In other embodiments of the present invention, magnetic clutches with fluid couplings or torque converters may be used to provide the same functionality as the magnetic particle clutch.

An embodiment of the present invention may include planetary gearboxes 12 to reduce the torque and increase the speed of rotation of the horizontal shafts driven by each oar handle. This may enable smaller magnetic clutches to be used.

A limited slip differential (such as a “Torsen” differential) 11 combines the torque from two oar handles when a rower is simulating sculling. When a rower is simulating “sweep oar” rowing, with a single oar handle, the differential allows all of the torque from this oar handle (apart from negligible frictional losses) to be transmitted to the flywheel.

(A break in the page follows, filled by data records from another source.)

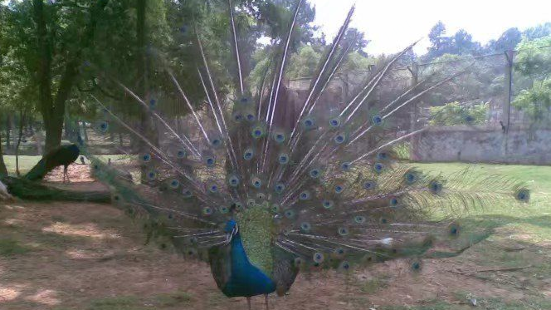 Lanke Shan Fengjingqu Jingxi Zoo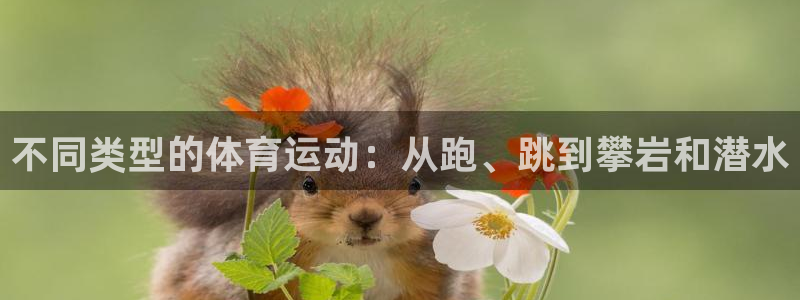 意昂5体育平台注册：不同类型的体育运动：从跑、跳到攀岩和潜水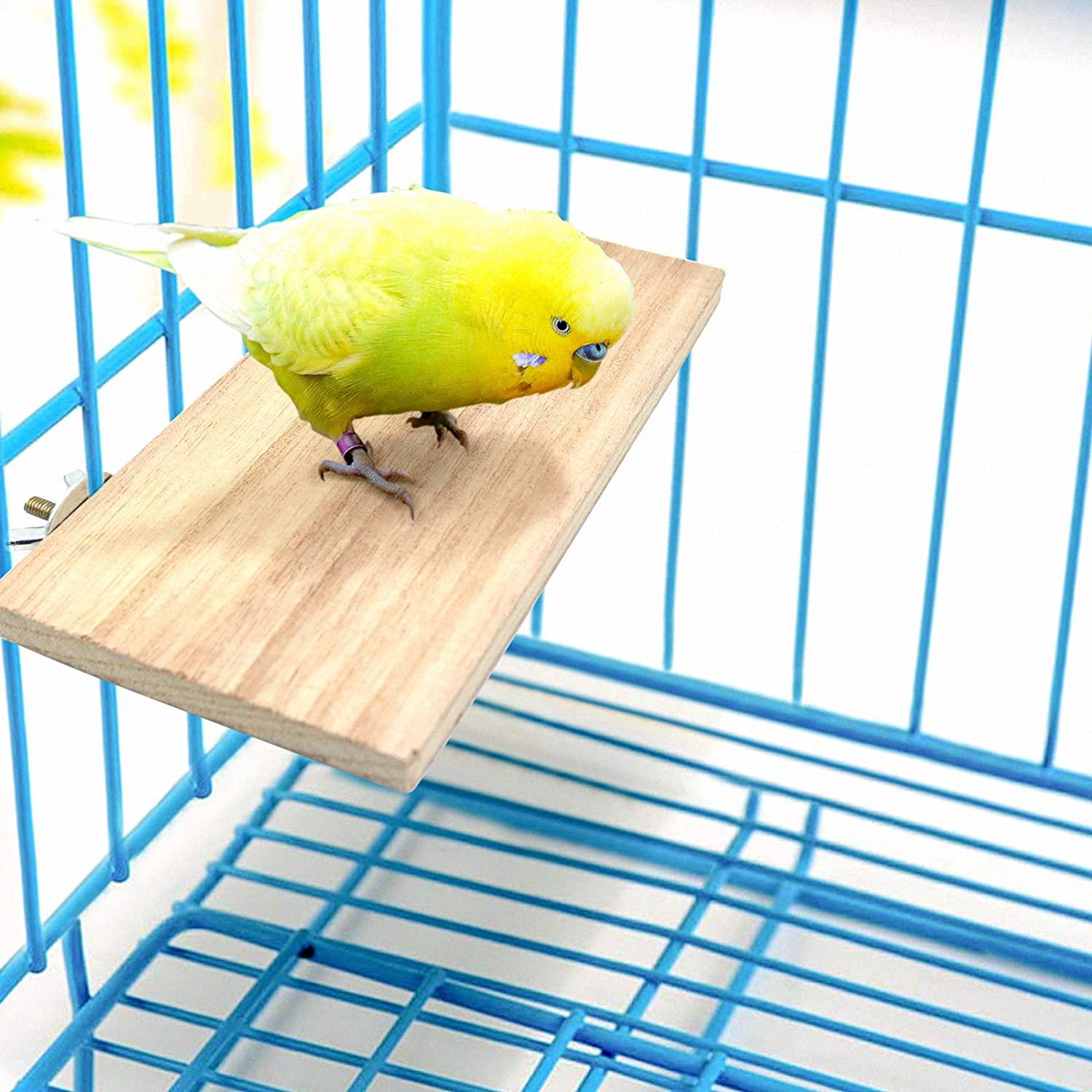 Filhome Bird Perch Stand Toy, Natural Wood Parrot Parakeet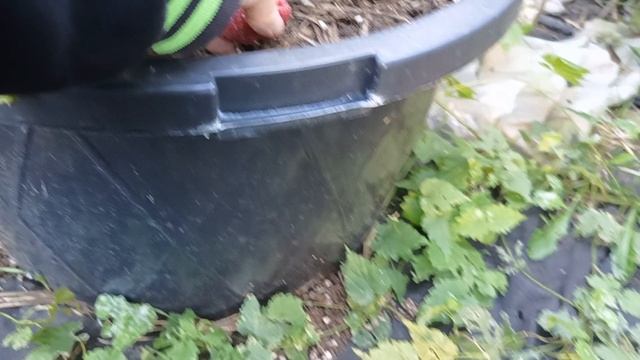 Малина Эвита, наша новинка. 04.10.25г.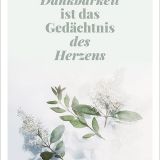 Stimmungsbild zu Schön! - Postkartenbox
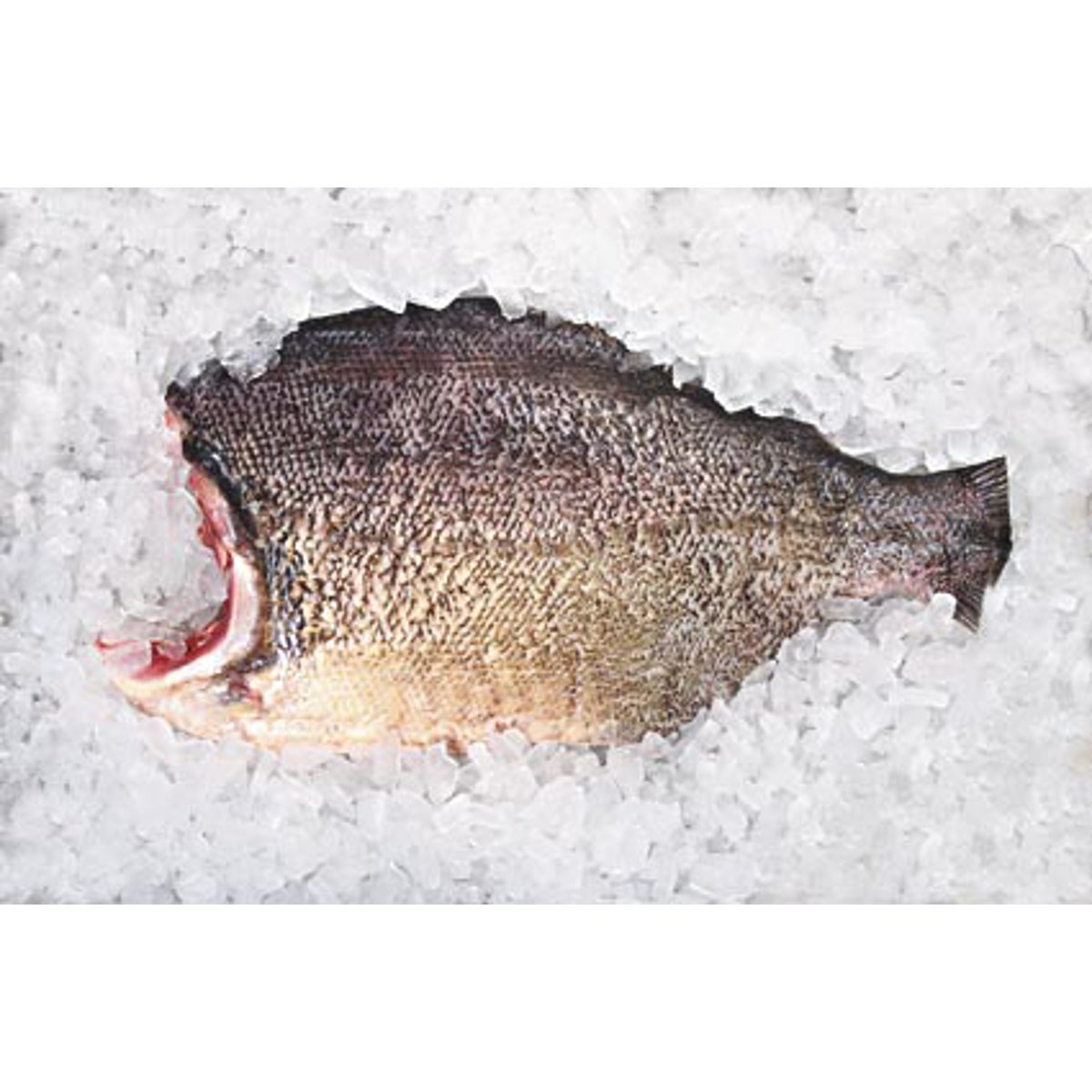 Filé de Tambaqui 300g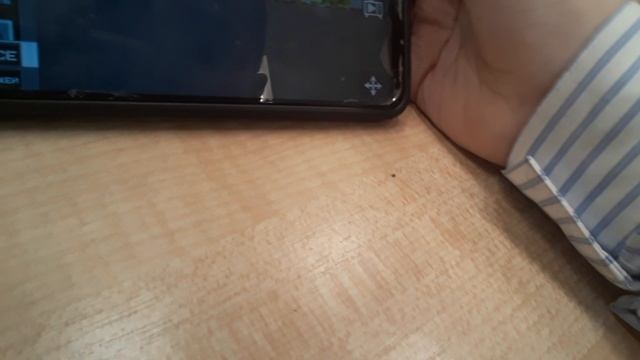 Немного моей жизни в школе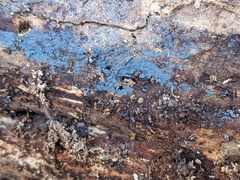 Byssocorticium pulchrum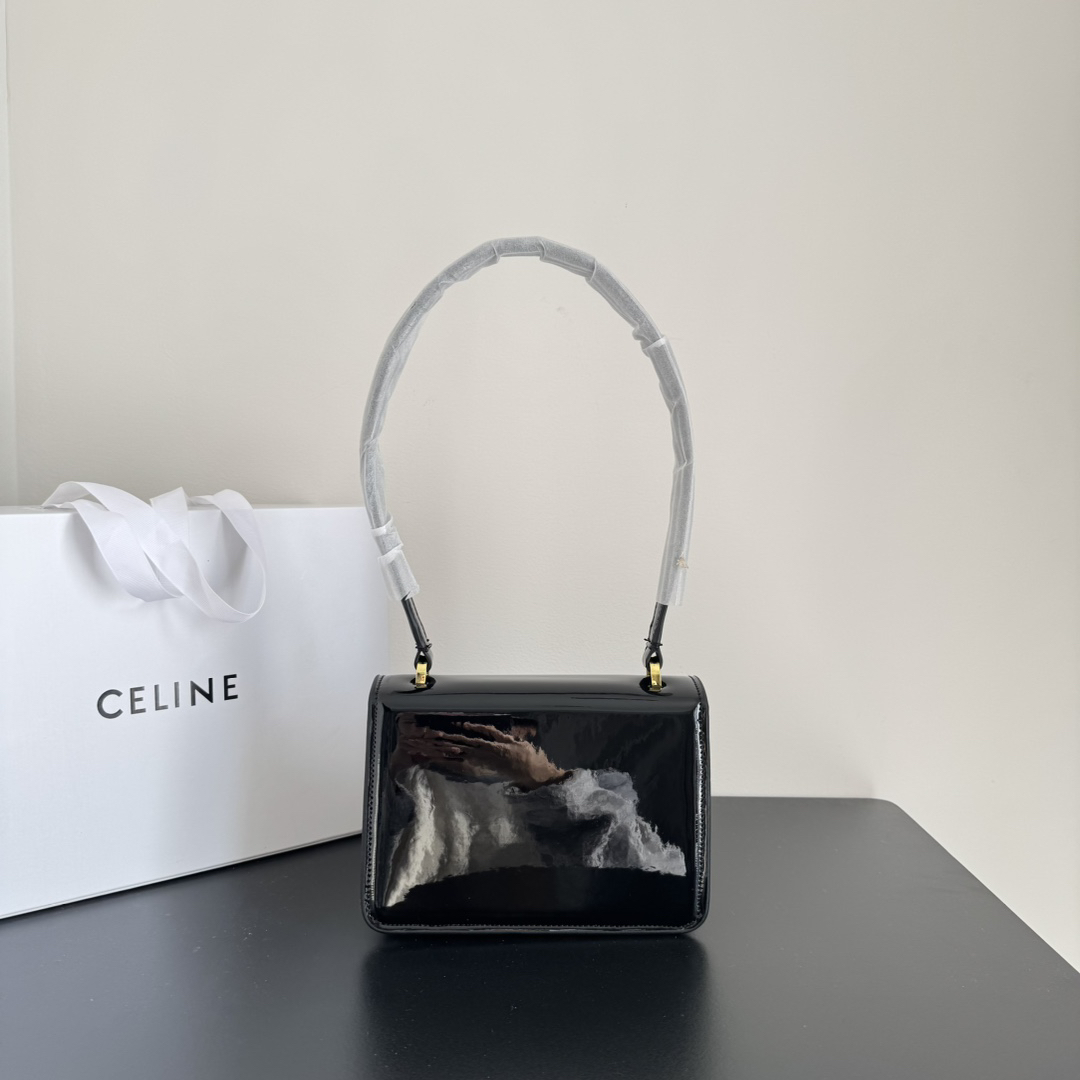 Celine bag-105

A chain drive 18 connects the limited slip differential to the flywheel.

An embodiment of the invention includes a device (such as an additional MEMS gyroscope) to measure the velocity of the sliding seat. Consequently, it is possible to identify when a rower is pulling with their arms before they have finished pushing with their legs (a sign of poor rowing technique) by comparing the seat velocity to the angular velocity of the rowlock.

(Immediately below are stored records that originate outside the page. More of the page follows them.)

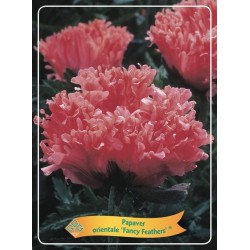 Aguona - Papaver orientale FANCY FEATHERS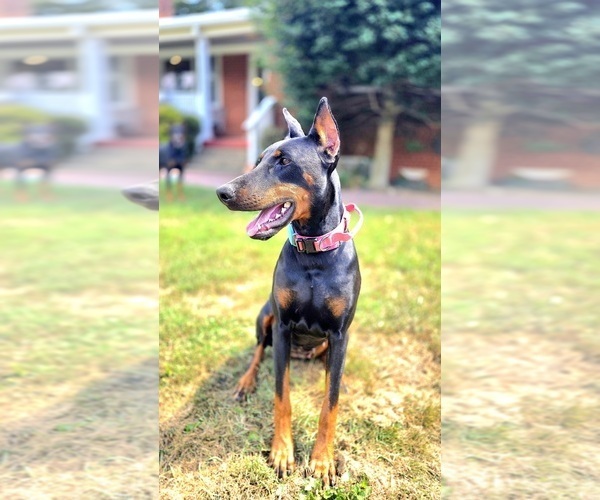 Medium Photo #1 Doberman Pinscher Puppy For Sale in ALEXANDRIA, VA, USA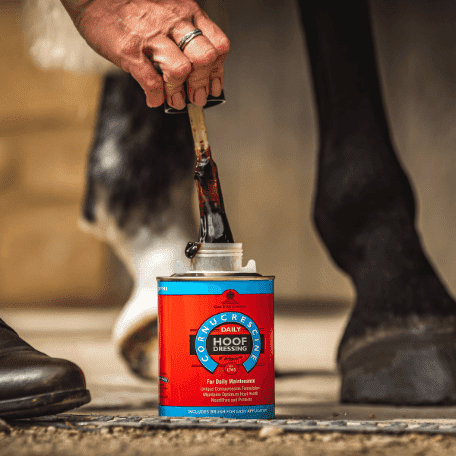 Carr & Day & Martin Daily Hoof Dressing 500 ml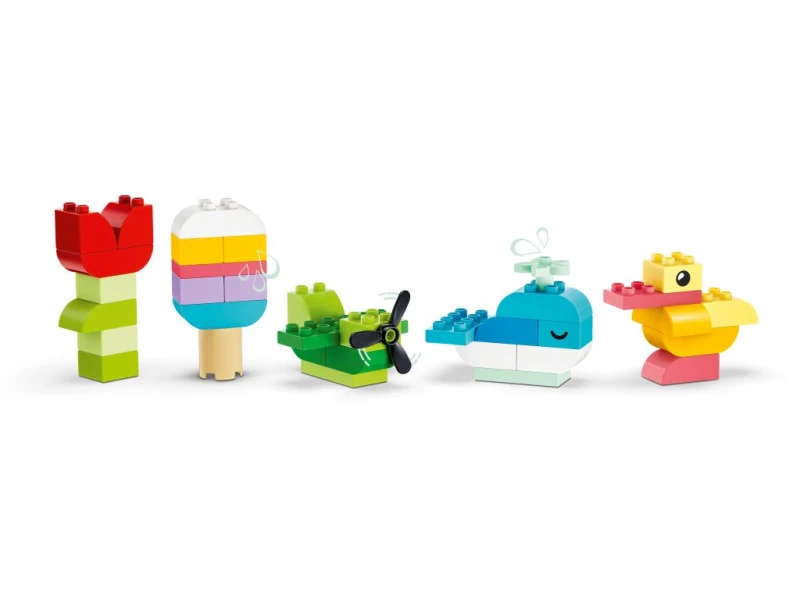 10479-duplo3.jpg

FIG. 6 shows an embodiment of the present invention configured for multiple rowers. In this configuration, chain drives 19 link the drive shafts of oar handles on each side of the apparatus. Furthermore (as for the configuration with a single rower) a single limited slip differential 11 connects the drive shafts from the left and right side of the apparatus and the chain drive 18 to the flywheel 8. In all configurations (i.e. one or more rowers with one or more oar handles each), the percentage of torque transmitted between each oar handle and the flywheel is controlled by individual magnetic clutches 10 (dependent upon the angle that each oar handle makes in three planes about its respective rowlock).

The embodiment of the present invention for multiple rowers allows each rower to practice sculling (with two oar handles each) or “sweep oar” rowing (with one oar each). For “sweep oar” rowing, the invention works with each rower using an oar handle either on the same or opposite sides of the apparatus.

An embodiment of the present invention (not shown in any of the figures) simulates how a real boat may roll about its longitudinal axis:

• • the frame (which supports the sliding seat, footplate, and riggers) is suspended and free to rotate about its longitudinal axis, with pivots above its centre of mass;
  • a potentiometer measures the angle of roll of the frame;
  • an electric actuator applies a variable amount of torque to the frame about these pivots in either a clockwise or anti-clockwise direction, dependent upon the trajectory of each simulated oar blade and the angle that each one makes about its own axis. For example, if a simulated oar blade on the right-side of the apparatus is not perpendicular to the simulated water's surface when it is extracted from the water, the electric actuator will provide clockwise torque to the frame for the duration of this extraction;
  • the frame will tend also to roll about the pivots if the combined centre of mass of the rower(s) and oar handle(s) is unaligned with the vertical plane of the pivot's axis;
  • when the frame rolls about its longitudinal axis, the modeling of simulated oar blade trajectory takes into account the angle of roll to determine if a simulated oar blade is above or below the simulated water's surface;
  • in this embodiment, it is possible to lock the frame in position and switch off the electric actuator, for example if a novice rower prefers to practice without roll simulation, or if a single rower is practicing “sweep oar” rowing with a single oar blade.

A console (not shown in any figures):

• • takes inputs from the MEMS gyroscopes and/or potentiometers;
  • takes inputs from the torque transducers;
  • controls the magnetic clutches;
  • controls the electric actuator for applying a torque to the pivoting frame;
  • calculates the power delivered by each oar handle based upon readings from potentiometers (to calculate the angular velocity of an oar handle about its rowlock) and torque transducers; and
  • provides feedback to rowers on performance and technique.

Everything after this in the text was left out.